Are the conditions ripe for a ‘superbloom’ in rain-soaked California? Here’s what experts say

Is there a super bloom on the horizon? It all depends on the weather.

Californians experienced a record-breaking rainy season earlier this year, and conditions certainly appear ripe for wildflowers to bloom on the state’s water-soaked soil over the next few weeks. However, experts say that this is no guarantee of a super bloom.

The key ingredient is more rain, as the difference between a Superbloom season and a regular wildflower spring will depend on whether California gets more rain in the coming weeks.

A Superbloom is a brilliant display of vibrant color that spreads across a desert landscape or chaparral after the region has been inundated with rain. While much of California was getting record-breaking rainfall, the season could turn dry in the coming weeks, reducing the chance of exceptional blooms.

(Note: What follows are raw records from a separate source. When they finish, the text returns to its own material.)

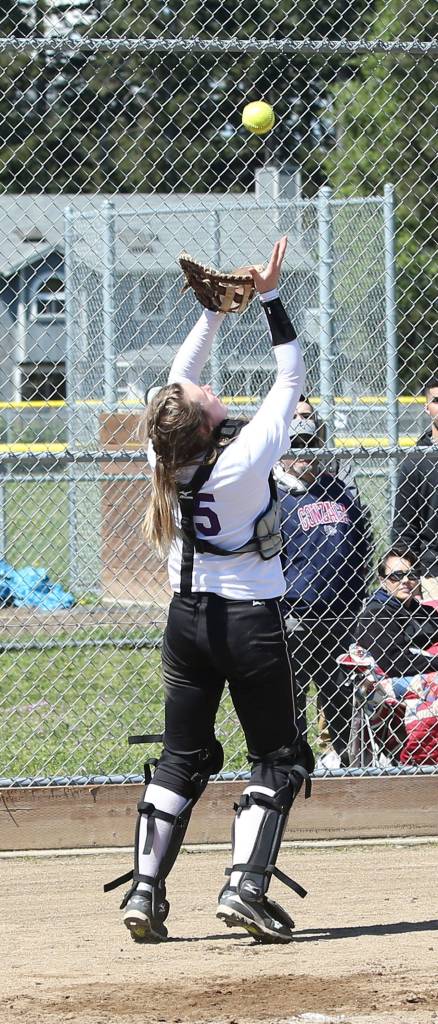 Kait Scheer settles under a pop-up for an out. (Photo by John Fisken)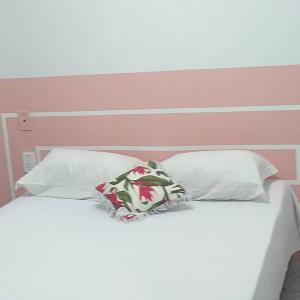 uma cama branca com 2 almofadas e uma cabeceira rosa em Pousada NOVA Catavento em Caraguatatuba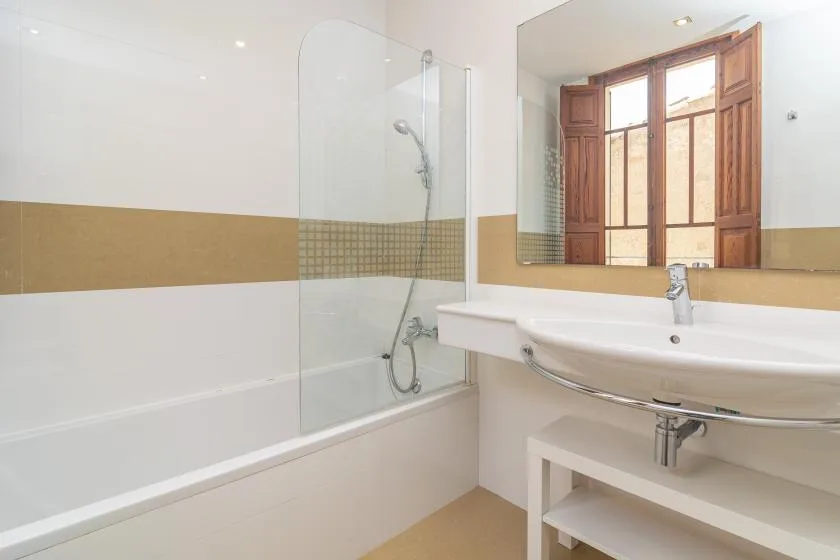Un baño luminoso con bañera, ducha y lavabo bajo una ventana con marco de madera.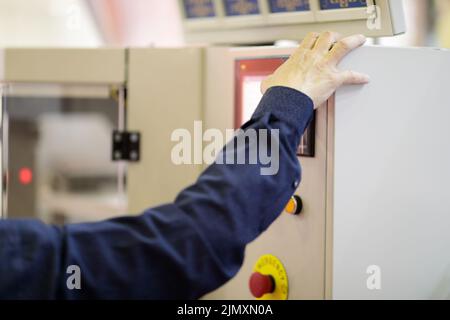 L'operatore controlla le apparecchiature industriali tramite il pannello di controllo con schermo a sfioramento. Messa a fuoco selettiva. Foto Stock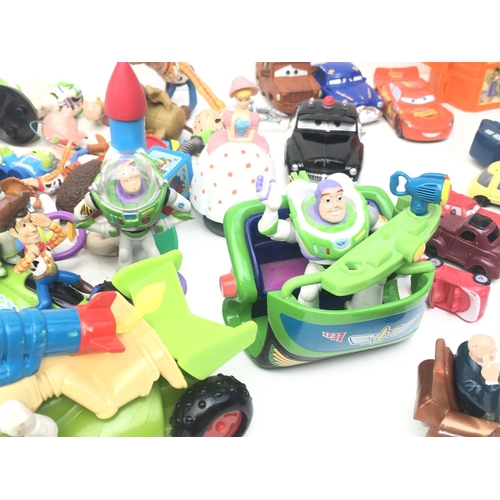 382 - A mixed collection in excess of 50 pieces containing Disney..Thunderbirds and other items. NO RESERV... 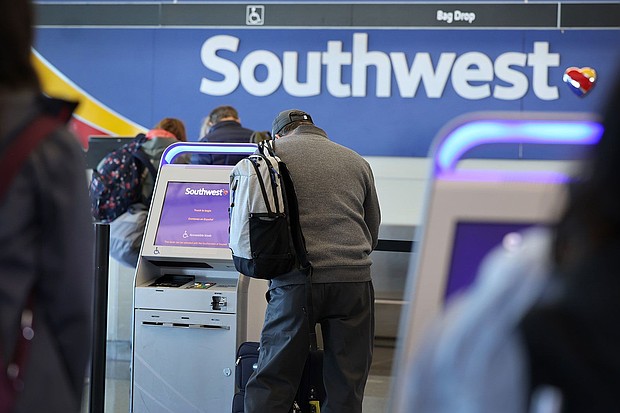 Southwest Airlines is ending its most recognizable perks: Free checked baggage. The airline will begin charging for the first and second checked bag beginning on May 28, Southwest announced March 11.
Mandatory Credit:	Scott Olson/Getty Images/File via CNN Newsource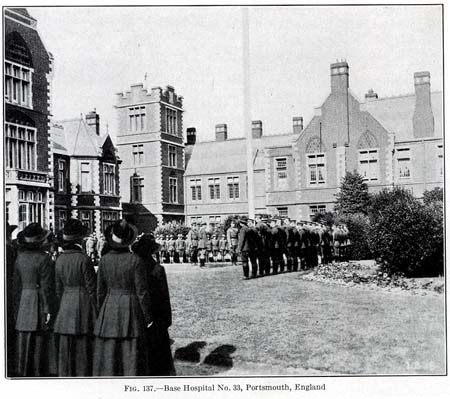A black and white image of men and women in uniform and in formation outside of several baroque-style buildings.
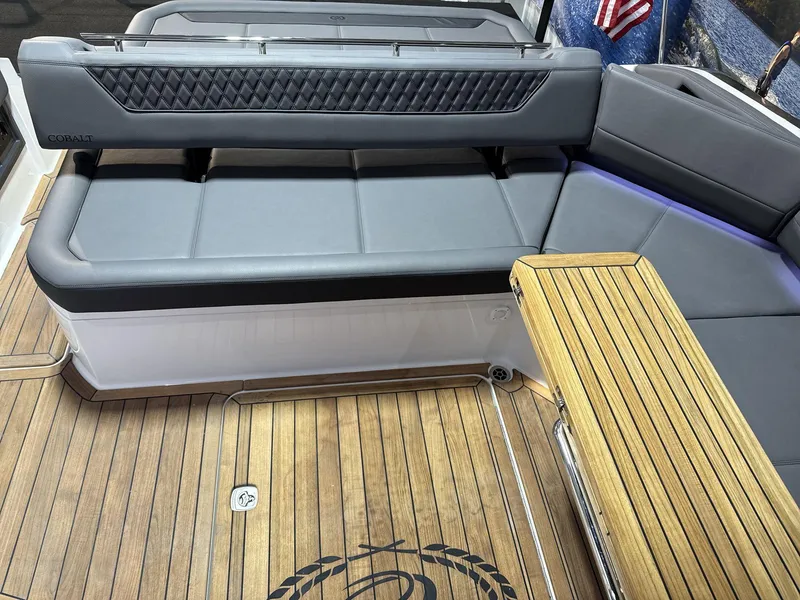 Slide: The Image of Luxury seating area on 2025 Cobalt R35 boat with wooden flooring and table. - 15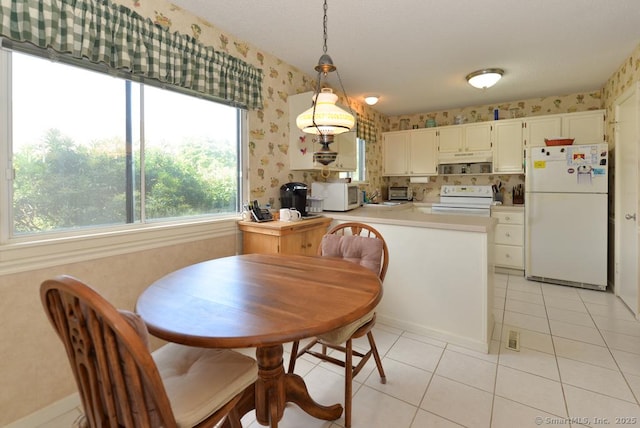 dining room featuring a textured ceiling, wallpapered walls, and light tile patterned floors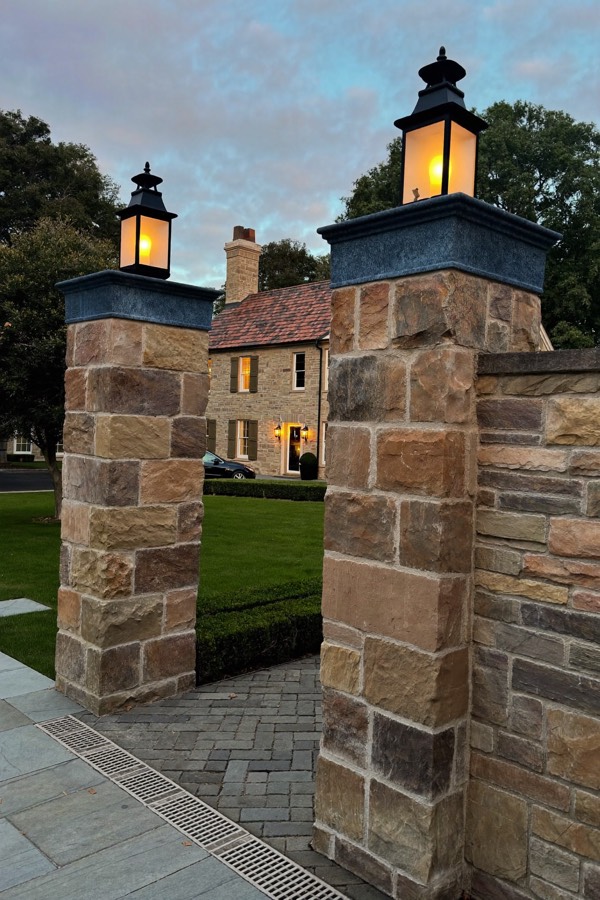 Two stone-clad pillars with dark caps and glowing lanterns at the entrance to a paver drive at dusk.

Areas where wildflowers normally bloom, such as Palmdale, Lancaster and parts of the Sonoran Desert near Palm Springs, did not experience the same deluge of rain as other parts of the state, according to the National Weather Service.

“There will be a bloom, but the question is, will it be big blooms or will it be bellies?” said Richard Minnich, a professor in the Department of Earth and Planetary Sciences at UC Riverside. “Belly flowers, that is, you lie on your stomach to see them because they are so small.”

Wildflowers thrive after a rainy season and especially after years of drought. Evening primrose, desert lilies and other wildflowers come to life in spring when conditions are right. But according to Minnich, there are no guarantees. In order for a seed to germinate, many variables are involved.

In recent years, poppies and deep blue lupins have flanked Diamond Valley Lake in Hemet.

Lupins, ocotillos and yellow brick bush have carpeted the desert floor near Joshua Tree National Park.

And the hills of Lake Elsinore have sung with the colorful floral displays that have hosted a flood of eco-tourists. Minnich expects some blooms in the lower San Joaquin Valley around Bakersfield.

For most of the West, orange California poppies get the most attention on Instagram and other social media sites in the brief window during a super bloom, but the actual concept is relatively new, fueled mostly by social media and attention-grabbing headlines.

Arata Sakamoto, 10, of Los Angeles, photographed on March 26, 2019 at Antelope Valley California Poppy Reserve.

Arata Sakamoto, 10, of Los Angeles, photographs the flower-strewn hillsides at Antelope Valley California Poppy Reserve in Lancaster on March 26, 2019.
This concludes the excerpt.